++++ Source data ++++

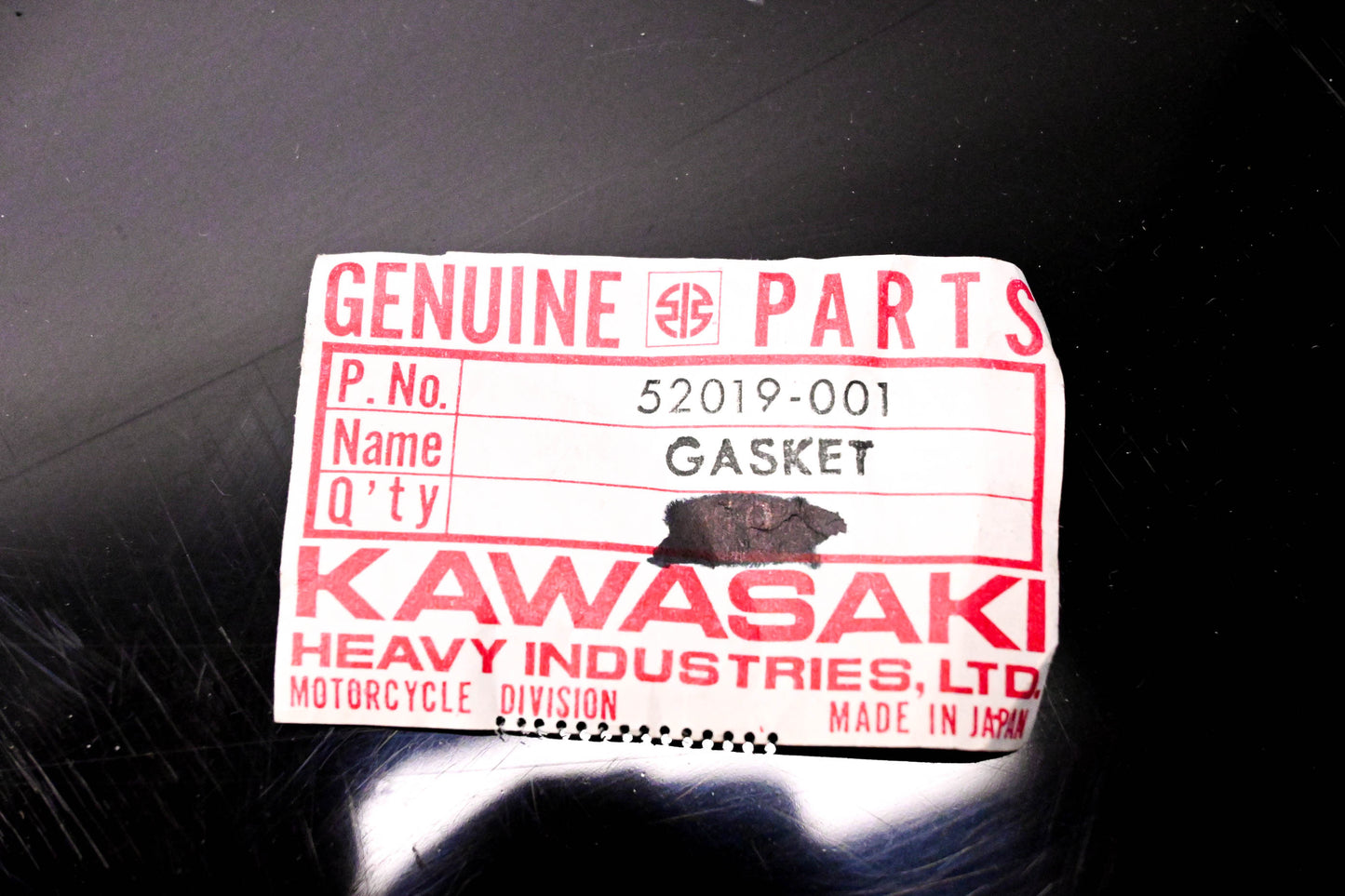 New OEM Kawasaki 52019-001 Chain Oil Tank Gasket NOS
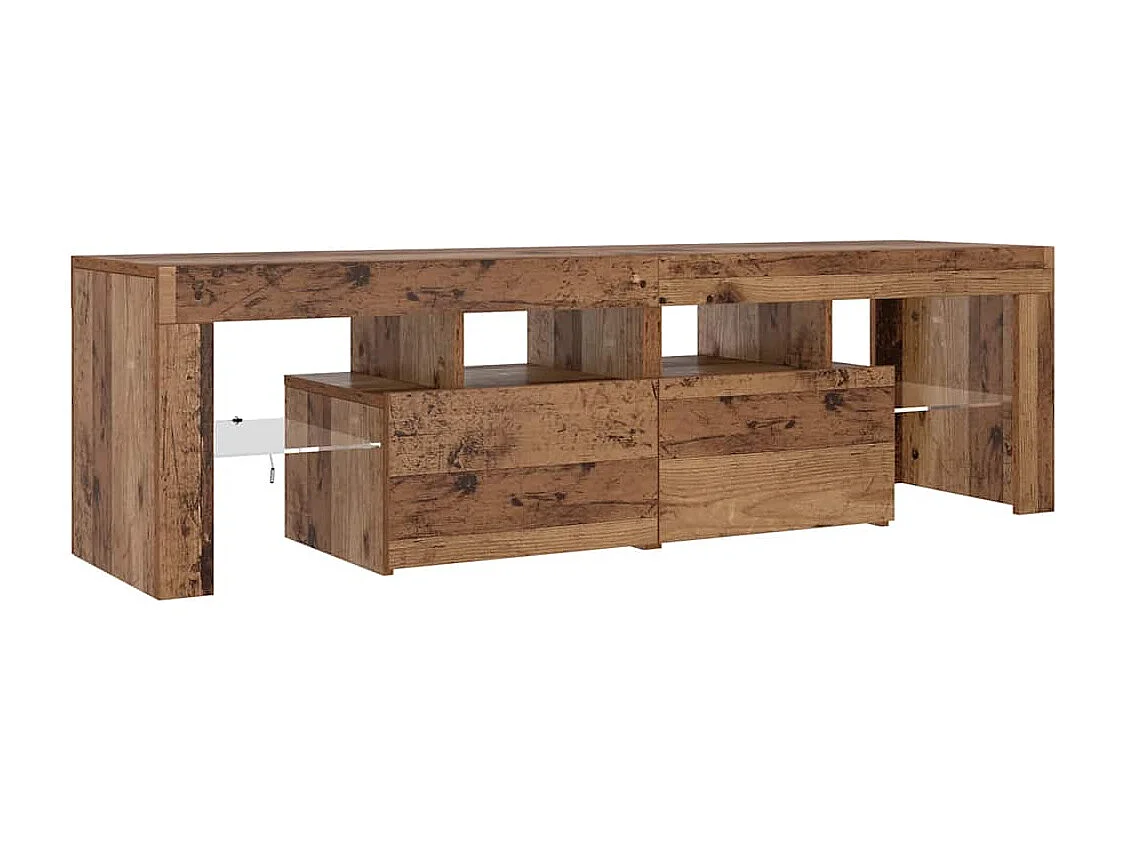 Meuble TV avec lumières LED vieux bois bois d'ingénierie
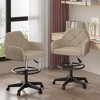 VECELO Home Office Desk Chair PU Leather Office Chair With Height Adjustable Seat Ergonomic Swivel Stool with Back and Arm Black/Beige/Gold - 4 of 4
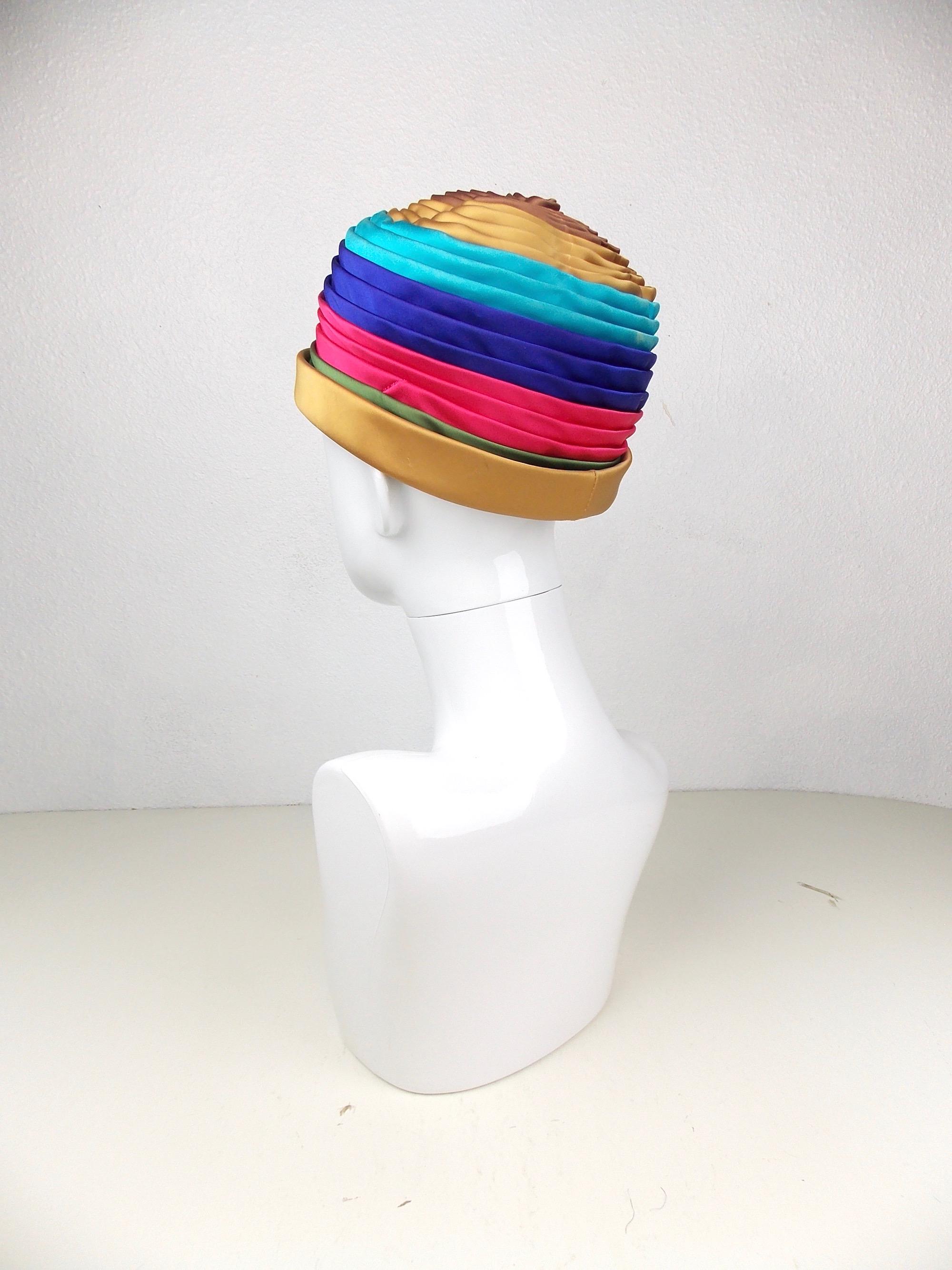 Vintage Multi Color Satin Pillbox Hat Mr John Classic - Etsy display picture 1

++++
++++ Source data ++++

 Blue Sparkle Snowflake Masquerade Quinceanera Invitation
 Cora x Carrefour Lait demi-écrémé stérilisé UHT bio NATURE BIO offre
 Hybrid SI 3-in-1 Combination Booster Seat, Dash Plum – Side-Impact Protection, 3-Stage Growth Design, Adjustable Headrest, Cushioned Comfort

++++

Your instructions: What you need to produce is an exact copy of the entries above, limited to the lines from the one with "New OEM Kawasaki" up to and including the one with "Vintage Multi Color", without pictures.

Problem solution:
 New OEM Kawasaki 52019-001 Chain Oil Tank Gasket NOS
 Meuble TV avec lumières LED vieux bois bois d'ingénierie
 VECELO Home Office Desk Chair PU Leather Office Chair With Height Adjustable Seat Ergonomic Swivel Stool with Back and Arm Black/Beige/Gold - 4 of 4
 Vintage Multi Color Satin Pillbox Hat Mr John Classic - Etsy display picture 1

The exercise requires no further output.